(Beginning of Material shown)

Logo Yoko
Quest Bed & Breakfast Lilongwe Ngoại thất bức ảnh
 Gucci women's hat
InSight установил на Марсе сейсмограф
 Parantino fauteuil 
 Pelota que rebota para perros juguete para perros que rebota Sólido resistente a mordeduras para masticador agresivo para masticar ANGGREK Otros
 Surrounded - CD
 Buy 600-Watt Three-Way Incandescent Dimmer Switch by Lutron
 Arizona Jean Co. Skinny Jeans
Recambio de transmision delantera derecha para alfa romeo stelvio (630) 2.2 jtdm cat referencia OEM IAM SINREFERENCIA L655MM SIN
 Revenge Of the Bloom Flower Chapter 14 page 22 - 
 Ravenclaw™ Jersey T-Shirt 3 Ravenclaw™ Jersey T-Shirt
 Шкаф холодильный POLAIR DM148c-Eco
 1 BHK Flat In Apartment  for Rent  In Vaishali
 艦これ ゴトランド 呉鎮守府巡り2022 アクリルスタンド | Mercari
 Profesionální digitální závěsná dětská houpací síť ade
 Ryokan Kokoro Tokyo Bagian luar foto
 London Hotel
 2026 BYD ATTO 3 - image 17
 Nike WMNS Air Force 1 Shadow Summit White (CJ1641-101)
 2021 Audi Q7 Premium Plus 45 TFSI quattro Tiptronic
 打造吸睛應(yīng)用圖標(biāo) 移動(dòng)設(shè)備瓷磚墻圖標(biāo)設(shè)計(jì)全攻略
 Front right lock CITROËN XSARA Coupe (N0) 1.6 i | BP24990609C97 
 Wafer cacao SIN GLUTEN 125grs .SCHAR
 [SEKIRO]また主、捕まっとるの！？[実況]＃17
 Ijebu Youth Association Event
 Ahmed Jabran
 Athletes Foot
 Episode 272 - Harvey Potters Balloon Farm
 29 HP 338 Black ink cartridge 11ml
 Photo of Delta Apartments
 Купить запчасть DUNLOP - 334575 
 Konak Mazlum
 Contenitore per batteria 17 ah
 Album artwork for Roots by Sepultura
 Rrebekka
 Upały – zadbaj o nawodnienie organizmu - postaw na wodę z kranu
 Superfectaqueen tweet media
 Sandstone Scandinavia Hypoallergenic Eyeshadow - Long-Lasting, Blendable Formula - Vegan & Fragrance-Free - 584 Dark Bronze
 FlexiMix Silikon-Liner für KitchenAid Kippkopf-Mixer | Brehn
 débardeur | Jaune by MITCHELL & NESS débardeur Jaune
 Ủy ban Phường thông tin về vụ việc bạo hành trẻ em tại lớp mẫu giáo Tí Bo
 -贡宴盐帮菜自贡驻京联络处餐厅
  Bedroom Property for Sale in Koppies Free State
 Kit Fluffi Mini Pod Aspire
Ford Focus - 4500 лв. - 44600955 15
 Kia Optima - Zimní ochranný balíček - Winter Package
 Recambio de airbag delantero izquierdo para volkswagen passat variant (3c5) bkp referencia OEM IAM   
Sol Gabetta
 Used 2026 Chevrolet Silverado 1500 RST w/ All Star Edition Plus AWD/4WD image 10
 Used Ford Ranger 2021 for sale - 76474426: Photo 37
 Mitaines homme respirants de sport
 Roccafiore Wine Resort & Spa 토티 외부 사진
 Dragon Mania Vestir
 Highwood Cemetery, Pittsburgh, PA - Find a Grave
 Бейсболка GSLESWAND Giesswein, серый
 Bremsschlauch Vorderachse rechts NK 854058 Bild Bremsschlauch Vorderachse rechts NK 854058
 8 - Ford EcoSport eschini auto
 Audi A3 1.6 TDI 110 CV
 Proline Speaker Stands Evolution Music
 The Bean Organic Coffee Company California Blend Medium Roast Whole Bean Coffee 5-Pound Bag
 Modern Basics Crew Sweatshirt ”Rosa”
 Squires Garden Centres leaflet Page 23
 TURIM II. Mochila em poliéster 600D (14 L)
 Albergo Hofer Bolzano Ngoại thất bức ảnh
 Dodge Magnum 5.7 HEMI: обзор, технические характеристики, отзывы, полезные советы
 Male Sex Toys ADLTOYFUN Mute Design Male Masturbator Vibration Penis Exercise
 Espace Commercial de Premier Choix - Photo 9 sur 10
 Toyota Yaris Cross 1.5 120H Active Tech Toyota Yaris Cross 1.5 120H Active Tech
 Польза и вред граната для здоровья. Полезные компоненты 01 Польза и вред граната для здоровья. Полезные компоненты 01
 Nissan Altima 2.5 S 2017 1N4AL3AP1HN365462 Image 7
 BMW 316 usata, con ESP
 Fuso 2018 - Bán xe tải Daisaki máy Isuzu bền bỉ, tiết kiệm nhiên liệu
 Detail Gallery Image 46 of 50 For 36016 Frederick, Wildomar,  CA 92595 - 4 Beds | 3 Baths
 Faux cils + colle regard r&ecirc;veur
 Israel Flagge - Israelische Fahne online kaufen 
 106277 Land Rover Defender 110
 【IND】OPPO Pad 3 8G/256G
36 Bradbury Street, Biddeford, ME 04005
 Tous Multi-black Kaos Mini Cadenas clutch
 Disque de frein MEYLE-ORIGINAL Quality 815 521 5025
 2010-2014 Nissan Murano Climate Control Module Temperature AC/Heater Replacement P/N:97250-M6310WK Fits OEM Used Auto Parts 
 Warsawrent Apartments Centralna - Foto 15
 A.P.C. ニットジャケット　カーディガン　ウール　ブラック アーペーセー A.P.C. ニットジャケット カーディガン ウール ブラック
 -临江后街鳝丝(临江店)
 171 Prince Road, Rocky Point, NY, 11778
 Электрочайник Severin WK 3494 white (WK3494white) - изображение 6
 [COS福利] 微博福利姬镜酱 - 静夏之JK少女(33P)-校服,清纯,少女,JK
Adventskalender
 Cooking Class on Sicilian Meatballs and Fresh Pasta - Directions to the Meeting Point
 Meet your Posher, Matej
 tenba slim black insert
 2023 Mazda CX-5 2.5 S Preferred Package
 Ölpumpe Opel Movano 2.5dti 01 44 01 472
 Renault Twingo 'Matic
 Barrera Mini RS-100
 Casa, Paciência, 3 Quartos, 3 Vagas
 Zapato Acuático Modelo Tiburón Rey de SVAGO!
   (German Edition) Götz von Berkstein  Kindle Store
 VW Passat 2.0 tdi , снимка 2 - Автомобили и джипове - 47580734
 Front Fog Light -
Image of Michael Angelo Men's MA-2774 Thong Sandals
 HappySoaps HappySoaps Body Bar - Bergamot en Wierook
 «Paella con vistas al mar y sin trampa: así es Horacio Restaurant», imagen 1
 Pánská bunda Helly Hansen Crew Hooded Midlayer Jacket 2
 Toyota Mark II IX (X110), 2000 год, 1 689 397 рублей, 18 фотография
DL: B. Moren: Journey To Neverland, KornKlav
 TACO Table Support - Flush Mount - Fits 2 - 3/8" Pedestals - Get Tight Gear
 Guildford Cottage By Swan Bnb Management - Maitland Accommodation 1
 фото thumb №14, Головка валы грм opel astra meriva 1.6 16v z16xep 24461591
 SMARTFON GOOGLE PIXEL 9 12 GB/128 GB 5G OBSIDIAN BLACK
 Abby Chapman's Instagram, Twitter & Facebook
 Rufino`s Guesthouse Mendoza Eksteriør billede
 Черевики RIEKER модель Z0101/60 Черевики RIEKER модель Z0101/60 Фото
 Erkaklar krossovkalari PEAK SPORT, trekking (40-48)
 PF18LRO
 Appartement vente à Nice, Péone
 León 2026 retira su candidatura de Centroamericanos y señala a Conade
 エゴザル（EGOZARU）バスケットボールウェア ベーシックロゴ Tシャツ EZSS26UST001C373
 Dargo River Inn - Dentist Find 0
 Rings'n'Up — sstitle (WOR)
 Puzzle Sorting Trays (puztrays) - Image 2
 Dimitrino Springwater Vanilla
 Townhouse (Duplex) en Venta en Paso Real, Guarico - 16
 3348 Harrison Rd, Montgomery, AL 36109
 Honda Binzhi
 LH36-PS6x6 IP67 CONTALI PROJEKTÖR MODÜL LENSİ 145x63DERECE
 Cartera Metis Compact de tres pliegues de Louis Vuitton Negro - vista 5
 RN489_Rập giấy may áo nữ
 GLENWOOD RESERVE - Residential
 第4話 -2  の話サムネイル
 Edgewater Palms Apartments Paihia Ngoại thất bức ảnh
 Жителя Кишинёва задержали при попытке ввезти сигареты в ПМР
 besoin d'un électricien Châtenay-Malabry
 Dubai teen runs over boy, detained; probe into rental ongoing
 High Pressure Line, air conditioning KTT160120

(End of Material shown)

Go over the listing above and copy out each line that includes "Audi".

 2021 Audi Q7 Premium Plus 45 TFSI quattro Tiptronic
 Audi A3 1.6 TDI 110 CV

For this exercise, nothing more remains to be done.